ABOUT THIS TASK:
Taking the entries below, transcribe only the lines starting with the one with "whole onion and" and going on through the one with "Santa hat z", exactly as written, without the pictures.

Records drawn from a dataset:
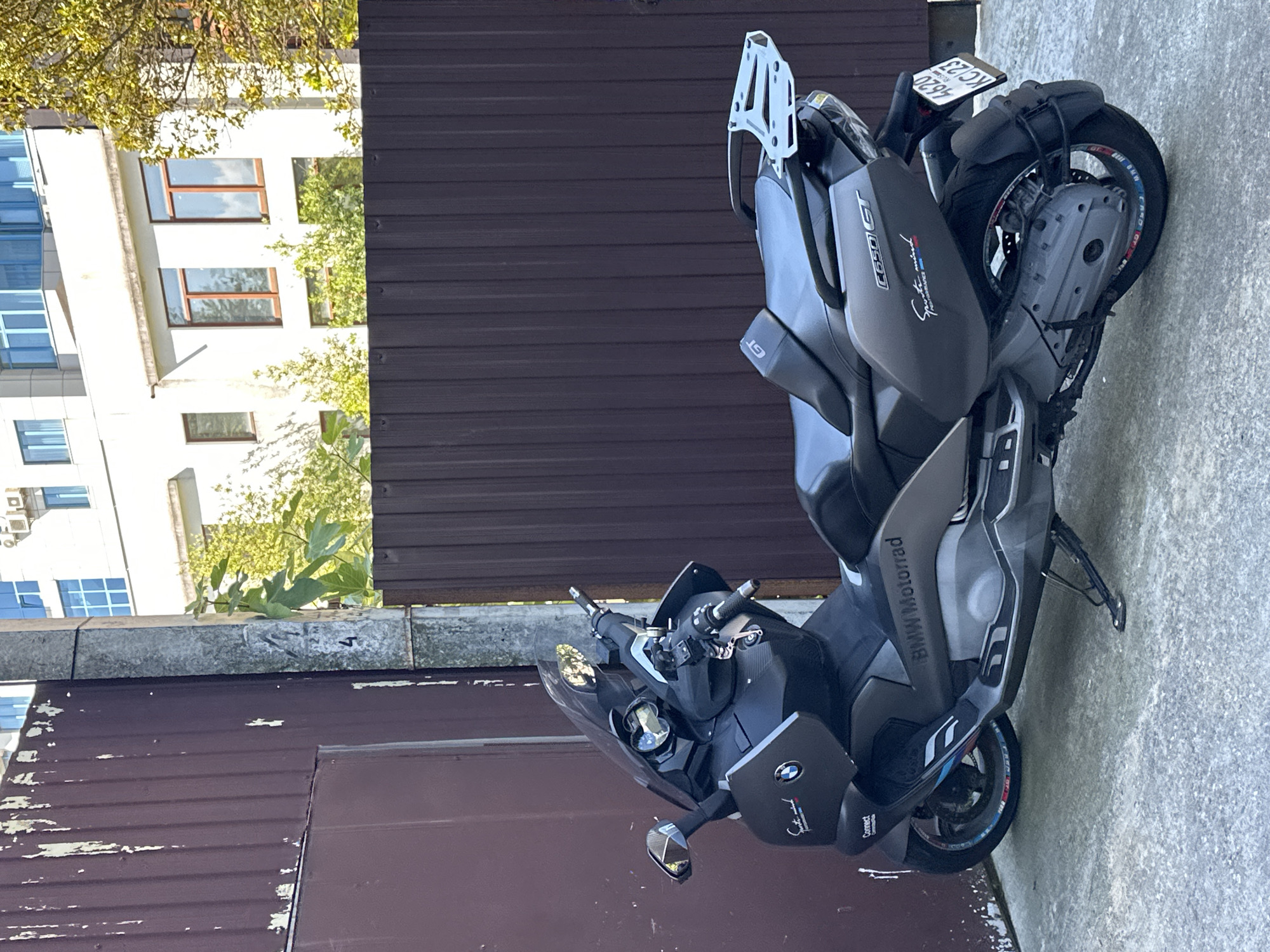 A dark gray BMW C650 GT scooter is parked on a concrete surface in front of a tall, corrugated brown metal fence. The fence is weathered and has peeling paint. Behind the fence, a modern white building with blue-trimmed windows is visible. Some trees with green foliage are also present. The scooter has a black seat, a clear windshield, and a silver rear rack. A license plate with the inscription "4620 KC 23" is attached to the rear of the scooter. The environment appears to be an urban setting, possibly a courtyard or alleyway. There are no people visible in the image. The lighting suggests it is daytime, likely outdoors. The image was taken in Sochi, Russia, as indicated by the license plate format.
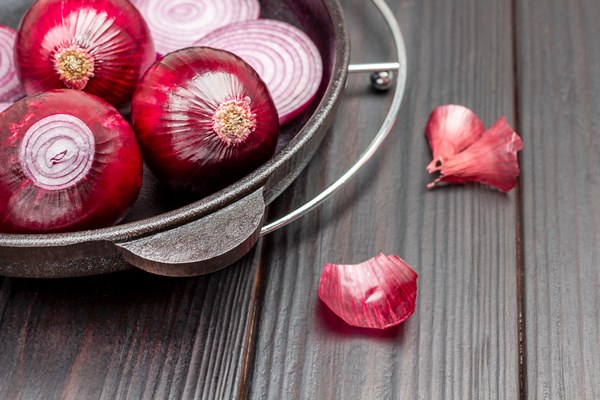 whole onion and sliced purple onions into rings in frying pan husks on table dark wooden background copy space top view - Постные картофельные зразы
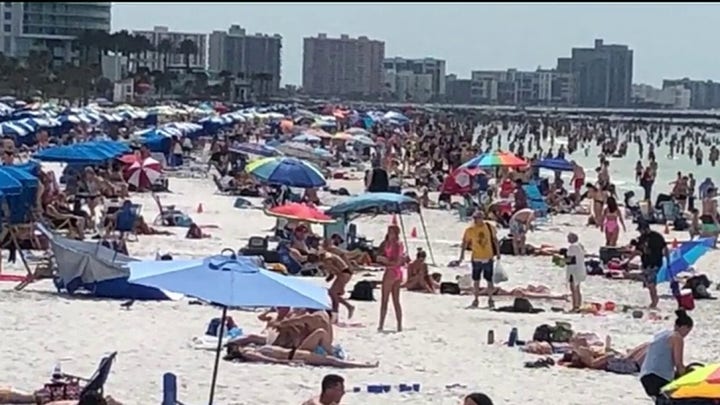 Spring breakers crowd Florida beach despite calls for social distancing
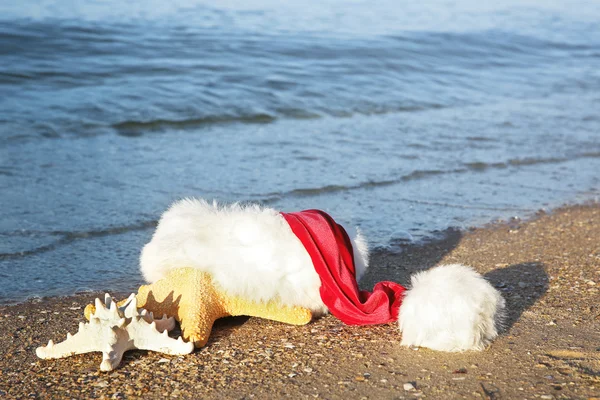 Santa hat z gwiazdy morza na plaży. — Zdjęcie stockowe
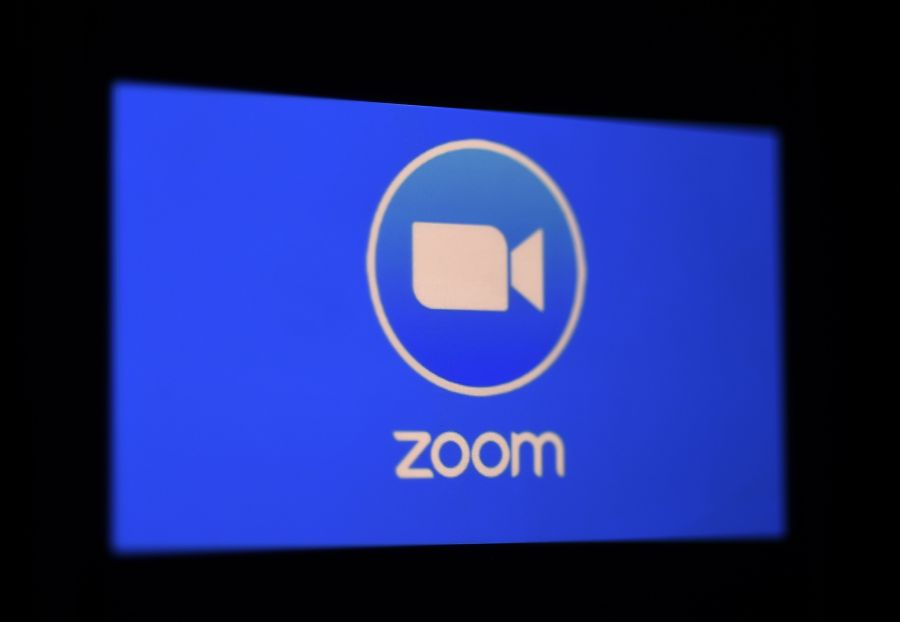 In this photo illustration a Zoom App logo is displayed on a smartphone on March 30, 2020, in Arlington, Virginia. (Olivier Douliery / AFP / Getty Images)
---
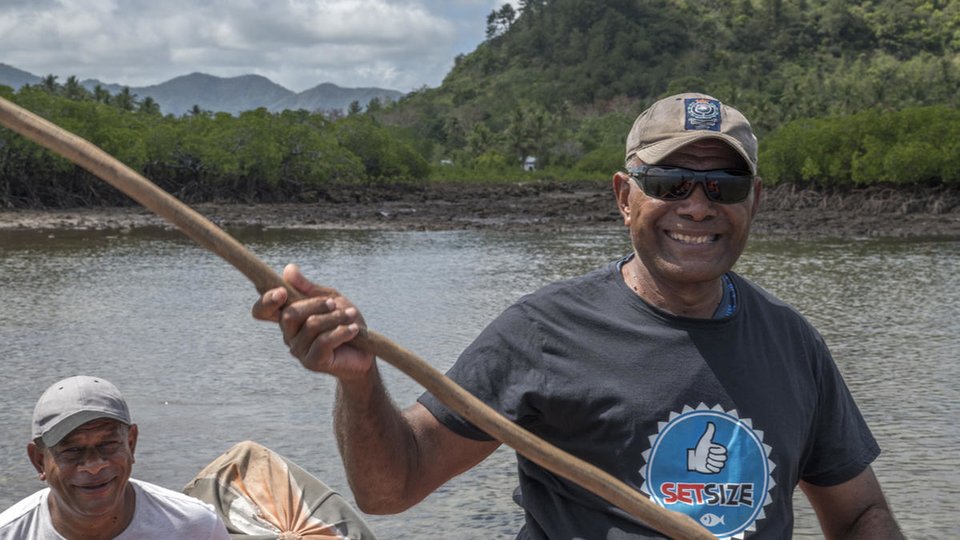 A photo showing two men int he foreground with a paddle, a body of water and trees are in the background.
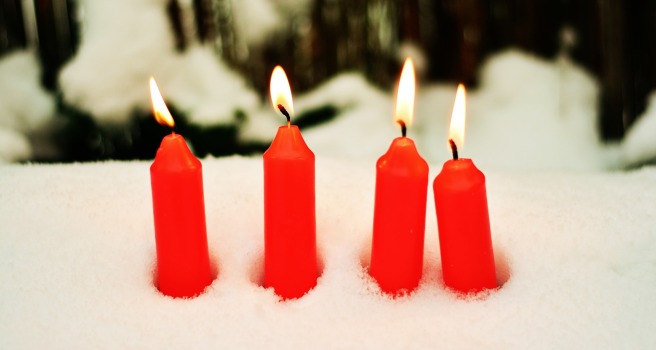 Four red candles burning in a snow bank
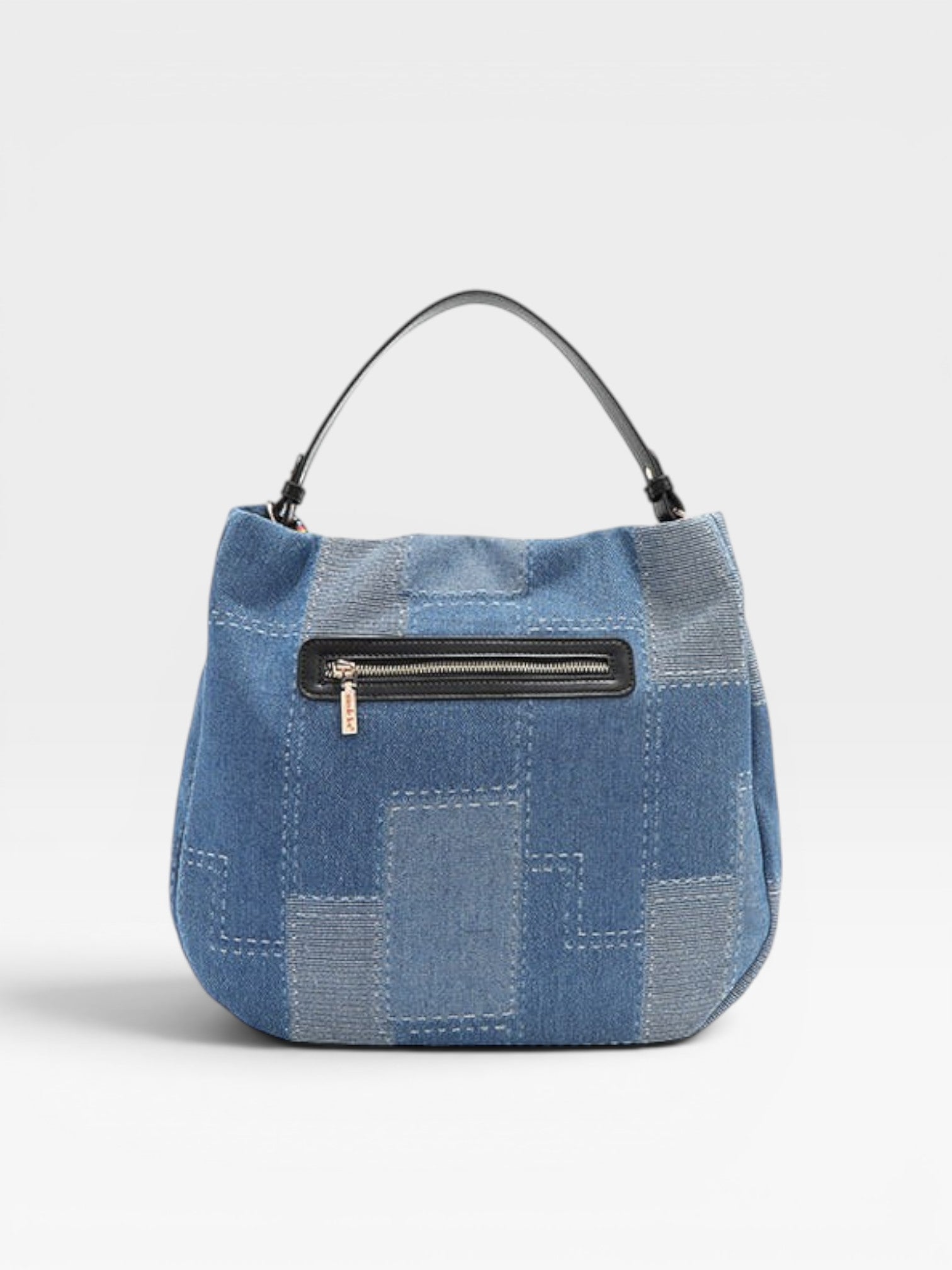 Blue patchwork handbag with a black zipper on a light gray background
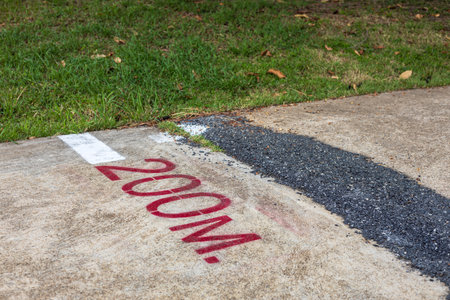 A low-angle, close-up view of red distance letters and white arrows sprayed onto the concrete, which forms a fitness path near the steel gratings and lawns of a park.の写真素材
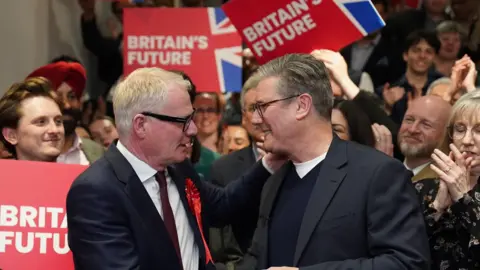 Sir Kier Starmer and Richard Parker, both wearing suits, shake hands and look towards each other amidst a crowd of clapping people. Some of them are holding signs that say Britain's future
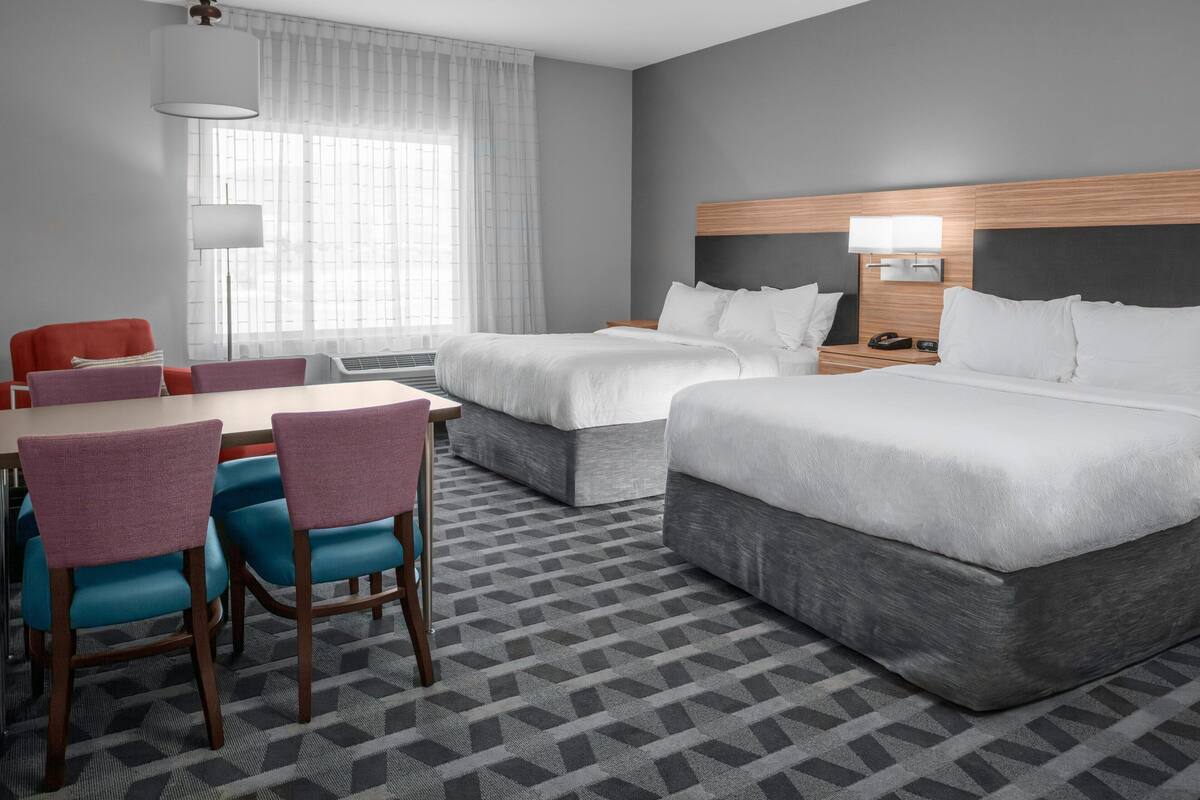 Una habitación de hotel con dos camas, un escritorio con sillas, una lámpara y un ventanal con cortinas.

FINISHED EXERCISE:
 whole onion and sliced purple onions into rings in frying pan husks on table dark wooden background copy space top view - Постные картофельные зразы
 Spring breakers crowd Florida beach despite calls for social distancing
 Santa hat z gwiazdy morza na plaży. — Zdjęcie stockowe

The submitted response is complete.